LONDON—Huawei’s relations with British authorities hit a low last month when a top official walked out of a meeting with the Chinese company over its perceived failure to fix security holes in its products, sources familiar with the talks told Reuters.
Although Huawei responded with a pledge to spend $2 billion on a security overhaul to address the British concerns, tensions between London and the world’s biggest producer of telecoms equipment remain high as it fights U.S.-led allegations of Chinese state spying.
“Previously, you very much had British civil servants saying ‘please do this’ and asking rather than telling or banging the table,” a source familiar with the matter told Reuters. “Huawei HQ now have the message.”
The fraught nature of the meeting between Huawei executives and Britain’s National Cyber Security Centre (NCSC) underlines the challenge facing the company in convincing Western governments its equipment is safe.
A spokesman for the NCSC—part of Britain’s GCHQ spy agency—said the meeting in late November “ ended prematurely because of increased tensions,” but declined to provide any further details because the conversations were private.
Huawei did not respond directly to questions about the meeting or its talks with the NCSC, but said British officials had “identified some areas for improvement in our engineering processes.”
Huawei has come under intense scrutiny as countries including Australia, New Zealand and Japan follow U.S. moves to restrict access to their markets, citing security concerns that its technology could be used by Beijing for spying.
In an April report, the U.S.-China Economic and Security Review Commission, a Congressional group, pointed to extensive ties between Huawei and the Chinese Communist Party.
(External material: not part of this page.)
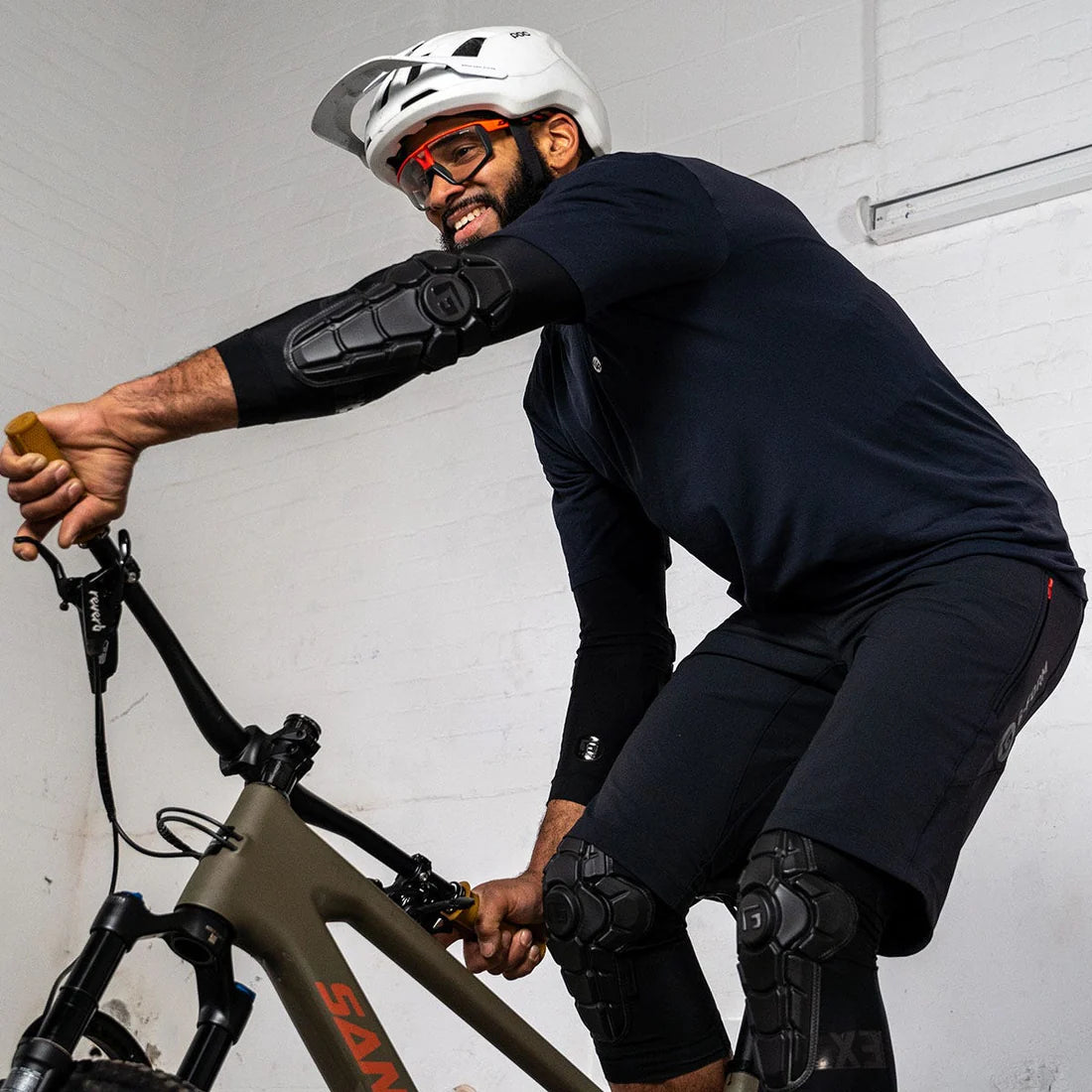 Ochraniacze łokci G-FORM PRO-X3 czarny matowy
Huawei founder Ren Zhengfei was a former director of telecoms research in the Chinese military’s General Staff Department.
The arrest last week in Canada of its chief financial officer and founder’s daughter, Meng Wanzhou, on U.S. charges that she misled multinational banks about Iran-linked transactions has ramped up the pressure. Meng, who has been freed on bail, has said she is innocent and will contest the allegations in the United States if extradited.
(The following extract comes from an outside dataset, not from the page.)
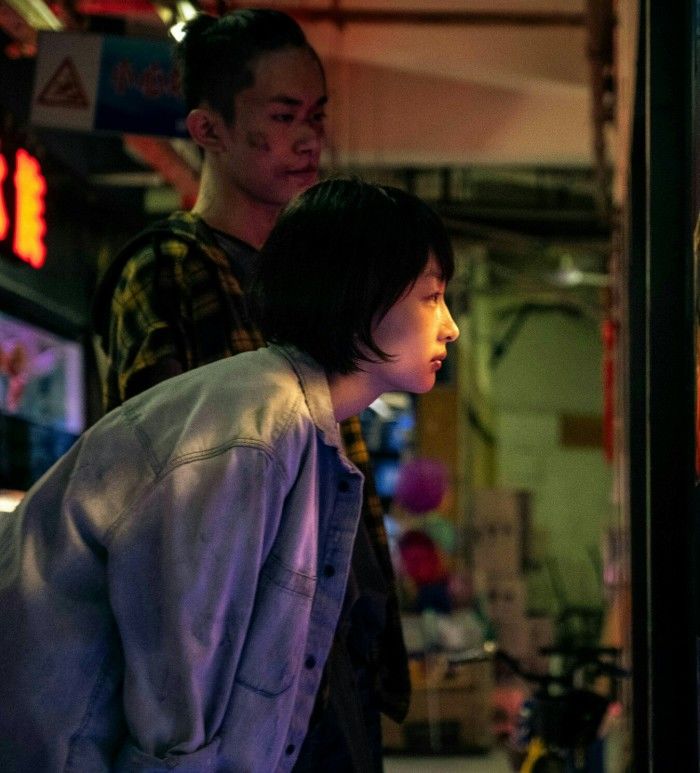 易烊千玺在《少年的你》中总是脏脏的,粉丝很疑惑,监制给出答案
Huawei now increasingly needs to secure the approval of British authorities, who have so far resisted U.S. calls to act against the company and say they guard against security threats by having Huawei products reviewed at a special company laboratory.
But a British government report released in July found that technical and supply-chain “shortcomings” with Huawei equipment had exposed national telecom networks to new security risks.
Sources told Reuters that NCSC officials had become frustrated by Huawei’s slow response to the report and its findings, which included issues raised in previous years about limitations on checking internal product code.
The report’s critical language and NCSC Technical Director Ian Levy’s dramatic exit from the November meeting showed company officials in China they needed to take prompt and significant action, the sources said.
The NCSC spokesman said relations with Huawei have been “strained since the report, but underlining that is a commitment to find solutions. We continue to have consistent dialogue.”